WHAT YOU SHOULD DO —
Leave out the pictures and output exactly the lines below from the one with "Busbar, cu, contacte, furca, 4P, L1N/L2N/L3N, 16mm², 1m" down to the one with "Nunsino Shoe Rack, Metal", both of them included.

RECORD EXTRACTS —
┄┄┄┄┄┄┄┄┄┄

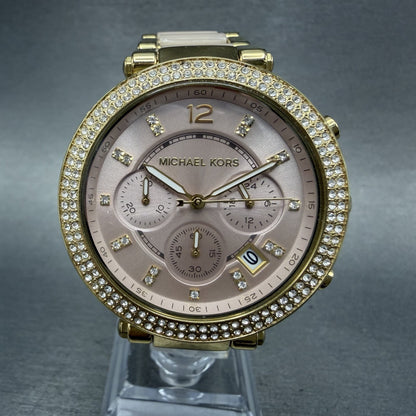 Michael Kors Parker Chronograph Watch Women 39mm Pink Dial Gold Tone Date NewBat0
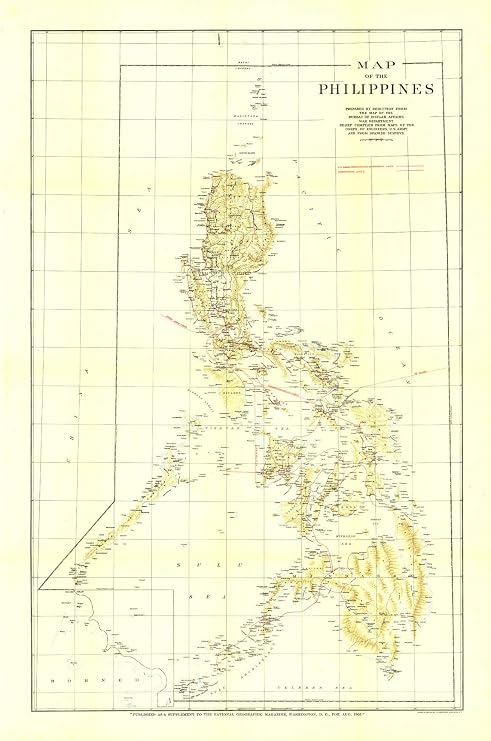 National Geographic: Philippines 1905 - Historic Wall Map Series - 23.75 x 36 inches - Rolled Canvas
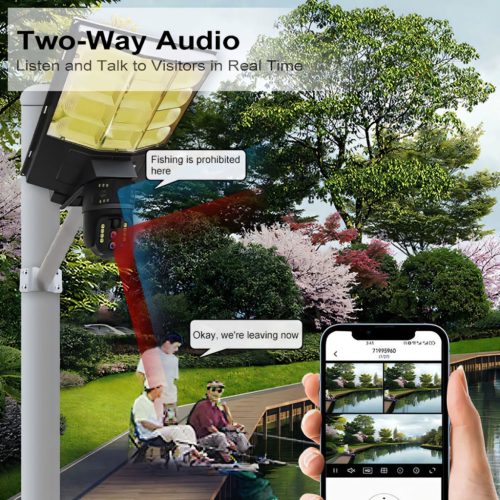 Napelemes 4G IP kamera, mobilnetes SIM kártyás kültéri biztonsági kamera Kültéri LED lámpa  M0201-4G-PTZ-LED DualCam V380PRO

┄┄┄┄┄┄┄┄┄┄

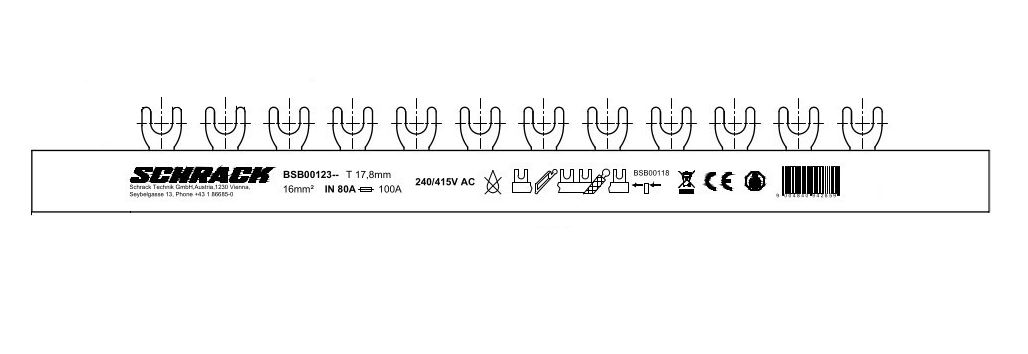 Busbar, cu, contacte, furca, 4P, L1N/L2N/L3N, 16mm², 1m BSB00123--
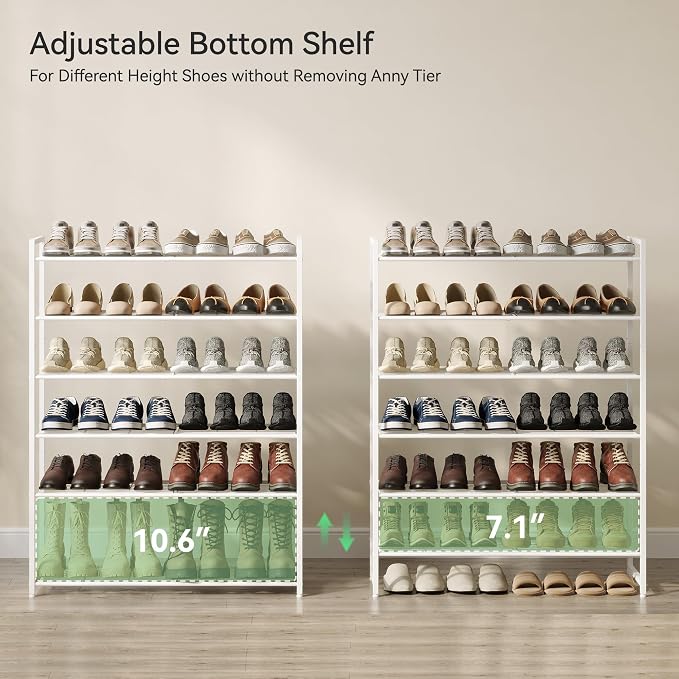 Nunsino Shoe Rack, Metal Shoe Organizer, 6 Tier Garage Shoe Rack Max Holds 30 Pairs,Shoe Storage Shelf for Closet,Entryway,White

┄┄┄┄┄┄┄┄┄┄

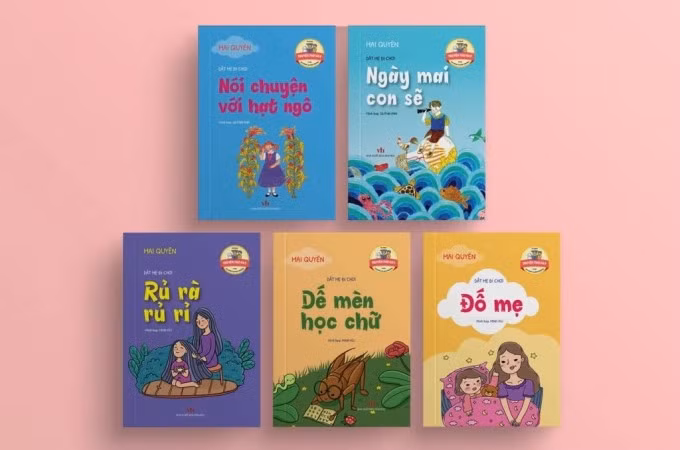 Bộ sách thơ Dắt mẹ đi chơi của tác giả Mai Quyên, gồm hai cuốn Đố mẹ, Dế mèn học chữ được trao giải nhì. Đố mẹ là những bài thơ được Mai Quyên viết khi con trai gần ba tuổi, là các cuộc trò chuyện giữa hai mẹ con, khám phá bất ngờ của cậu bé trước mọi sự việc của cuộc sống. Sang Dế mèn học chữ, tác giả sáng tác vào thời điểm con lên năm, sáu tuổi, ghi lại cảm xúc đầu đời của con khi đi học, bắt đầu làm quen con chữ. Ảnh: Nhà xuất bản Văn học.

┄┄┄┄┄┄┄┄┄┄

OUTPUT OF THE EXERCISE —
 Busbar, cu, contacte, furca, 4P, L1N/L2N/L3N, 16mm², 1m BSB00123--
 Nunsino Shoe Rack, Metal Shoe Organizer, 6 Tier Garage Shoe Rack Max Holds 30 Pairs,Shoe Storage Shelf for Closet,Entryway,White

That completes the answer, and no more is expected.